Teresita Zazá se apuntó a la moda del turbante, el collar de cuentas
y los pendientes largos, en este caso uno y otros de coral
En lo que se refiere al maquillaje y la peluquería, nunca como en esta época se han confundido calle y escenario, alegremente unidos y compenetrados. En esto, como en otras cosas, la enorme influencia del cine marcó la pauta. Por ello, no tengo claro si la mujer de la calle imitaba a la artista o ésta, simplemente, lucía en escena la misma imagen de la calle con muy pocos cambios: bajo la luz de los focos el maquillaje tenía que ser a la fuerza más oscuro y contrastado, pues corría el peligro de difuminarse y "perderse". Los peinados, de los que ya os hablé en la primera parte de esta entrada, seguirán basándose en las ondas al agua, la brillantina a tutiplén y los cortes a lo garçon, que tanto escandalizaron a los ciudadanos más conservadores.
"Cinco alegres chicas del Romea" en 1930
(Perlita Greco,
arriba a la izquierda), maquilladas y peinadas para su época
Resumiendo: el atuendo de la cupletista, en esta última época, se reconvierte en el uniforme de la revista musical, con sus espectaculares y desvestidas vedettes. La cupletista se convierte en cantante y se viste a la moda, lo más elegantemente posible, o se "transforma" para interpretar un tema en concreto, cuando no se pasa directamente al folclore sin hacer parada alguna por la transformación. La bailarina asimismo se hace flamenca o se reconvierte en corista, ansiando cubrir con plumas y más plumas su reducido maillot.
Adelita Adrián, corista de 1928, dándole la espalda
al cuplé con elegante displicencia
En definitiva, el cuplé agoniza, las variedades desaparecen y los tiempos cambian, sin posibilidad de dar marcha atrás. En 1936 da comienzo en España una sangrienta guerra civil.
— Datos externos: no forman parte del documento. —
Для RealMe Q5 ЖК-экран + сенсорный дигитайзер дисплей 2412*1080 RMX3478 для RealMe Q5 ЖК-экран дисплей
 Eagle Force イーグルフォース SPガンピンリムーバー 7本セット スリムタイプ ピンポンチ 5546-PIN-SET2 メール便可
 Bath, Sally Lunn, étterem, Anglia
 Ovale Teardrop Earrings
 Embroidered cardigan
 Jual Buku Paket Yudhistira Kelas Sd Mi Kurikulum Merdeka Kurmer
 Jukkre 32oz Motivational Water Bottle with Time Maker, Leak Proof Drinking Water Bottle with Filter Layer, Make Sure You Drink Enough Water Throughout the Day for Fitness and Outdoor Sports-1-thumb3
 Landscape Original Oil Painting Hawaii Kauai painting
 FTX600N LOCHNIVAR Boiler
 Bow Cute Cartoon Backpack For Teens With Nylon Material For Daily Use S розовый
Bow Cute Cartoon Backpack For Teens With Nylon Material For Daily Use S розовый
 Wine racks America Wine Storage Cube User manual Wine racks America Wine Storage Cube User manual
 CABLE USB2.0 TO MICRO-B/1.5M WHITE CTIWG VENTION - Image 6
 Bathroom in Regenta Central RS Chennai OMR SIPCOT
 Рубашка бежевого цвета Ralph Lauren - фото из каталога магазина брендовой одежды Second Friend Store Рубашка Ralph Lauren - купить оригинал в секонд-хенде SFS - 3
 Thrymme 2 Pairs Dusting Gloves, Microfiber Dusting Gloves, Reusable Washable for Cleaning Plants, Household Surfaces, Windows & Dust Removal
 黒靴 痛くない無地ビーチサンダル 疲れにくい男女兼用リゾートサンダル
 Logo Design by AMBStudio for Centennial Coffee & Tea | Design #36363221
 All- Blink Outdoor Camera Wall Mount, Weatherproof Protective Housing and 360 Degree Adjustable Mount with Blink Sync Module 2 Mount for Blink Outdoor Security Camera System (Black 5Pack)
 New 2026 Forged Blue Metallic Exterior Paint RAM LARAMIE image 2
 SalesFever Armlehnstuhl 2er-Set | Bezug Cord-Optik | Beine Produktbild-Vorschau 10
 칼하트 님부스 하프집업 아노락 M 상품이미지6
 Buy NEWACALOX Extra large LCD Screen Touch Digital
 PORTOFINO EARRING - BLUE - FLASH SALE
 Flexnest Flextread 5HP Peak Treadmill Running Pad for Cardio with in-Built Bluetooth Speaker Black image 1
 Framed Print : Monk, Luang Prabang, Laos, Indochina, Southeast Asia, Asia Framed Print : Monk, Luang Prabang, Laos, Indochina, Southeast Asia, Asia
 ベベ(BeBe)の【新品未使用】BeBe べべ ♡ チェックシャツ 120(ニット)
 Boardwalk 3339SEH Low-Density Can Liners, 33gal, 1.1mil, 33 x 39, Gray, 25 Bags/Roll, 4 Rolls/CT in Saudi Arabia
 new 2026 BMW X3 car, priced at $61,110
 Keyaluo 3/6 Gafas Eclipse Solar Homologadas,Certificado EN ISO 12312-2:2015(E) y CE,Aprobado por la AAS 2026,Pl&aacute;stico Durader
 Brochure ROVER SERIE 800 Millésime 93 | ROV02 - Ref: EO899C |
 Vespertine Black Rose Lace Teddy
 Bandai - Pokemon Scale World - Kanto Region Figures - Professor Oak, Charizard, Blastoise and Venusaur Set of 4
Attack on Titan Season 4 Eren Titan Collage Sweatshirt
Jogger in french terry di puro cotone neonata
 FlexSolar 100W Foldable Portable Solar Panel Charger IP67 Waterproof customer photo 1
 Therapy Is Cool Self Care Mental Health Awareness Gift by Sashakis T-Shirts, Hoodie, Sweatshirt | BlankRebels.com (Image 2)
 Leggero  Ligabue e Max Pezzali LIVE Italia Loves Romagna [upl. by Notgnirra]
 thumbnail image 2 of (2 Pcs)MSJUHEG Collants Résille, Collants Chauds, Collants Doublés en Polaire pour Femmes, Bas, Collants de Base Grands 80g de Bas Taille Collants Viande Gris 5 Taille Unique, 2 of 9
Cuando ésta acabe, el cuplé habrá muerto y con él toda una luminosa manera de entender el espectáculo, y la vida.
(1) La flapper, la chica liberada de los años veinte, se caracterizaba por sus faldas cortas, su pelo corto, su maquillaje exagerado y su afición al baile y la bebida. Comparadas con sus madres, las flappers constituyeron la mayor ruptura en moda y costumbres hasta la fecha, hasta que a su vez fueron superadas por la generación de la minifalda, en los años sesenta.